> TASK BRIEF:
From first line to last, transcribe the listing exactly and skip any image.

> DATA PROVIDED:

--------------------------------------------------

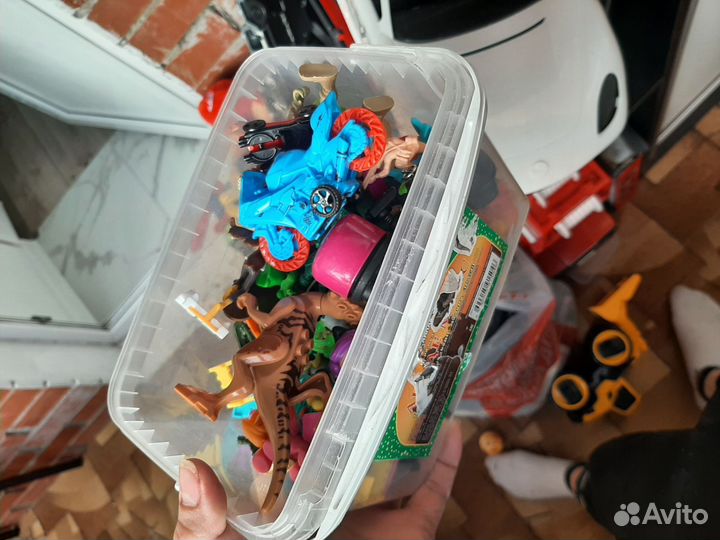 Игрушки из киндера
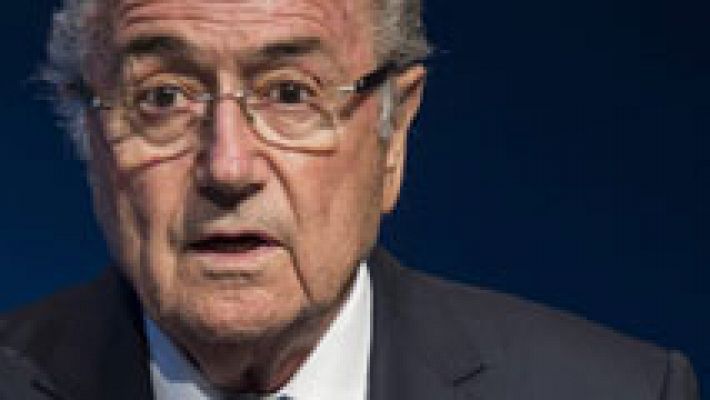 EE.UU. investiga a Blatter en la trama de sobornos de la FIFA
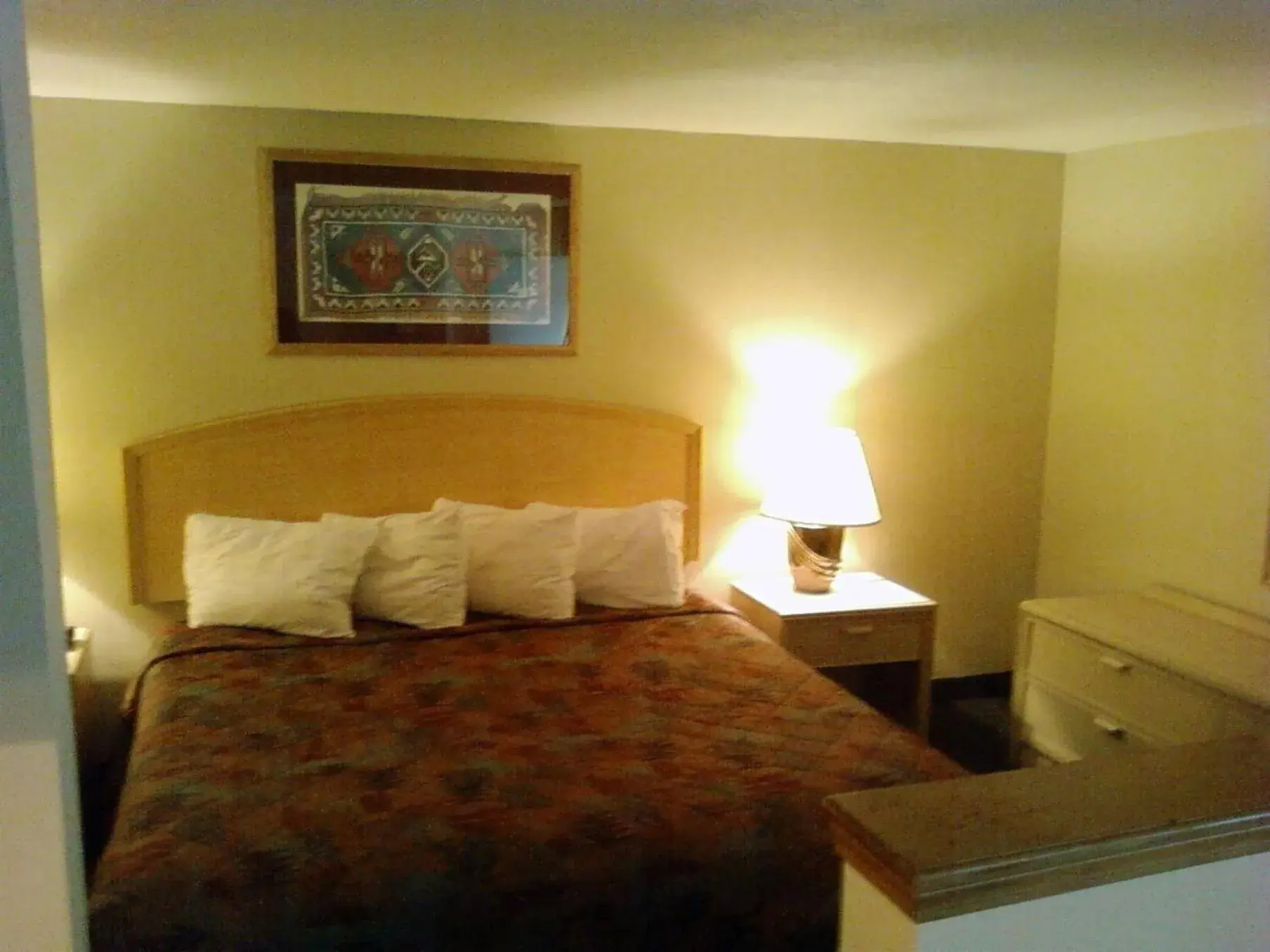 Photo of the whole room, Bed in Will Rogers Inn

--------------------------------------------------

> EXERCISE SOLUTION:
 Игрушки из киндера
 EE.UU. investiga a Blatter en la trama de sobornos de la FIFA
 Photo of the whole room, Bed in Will Rogers Inn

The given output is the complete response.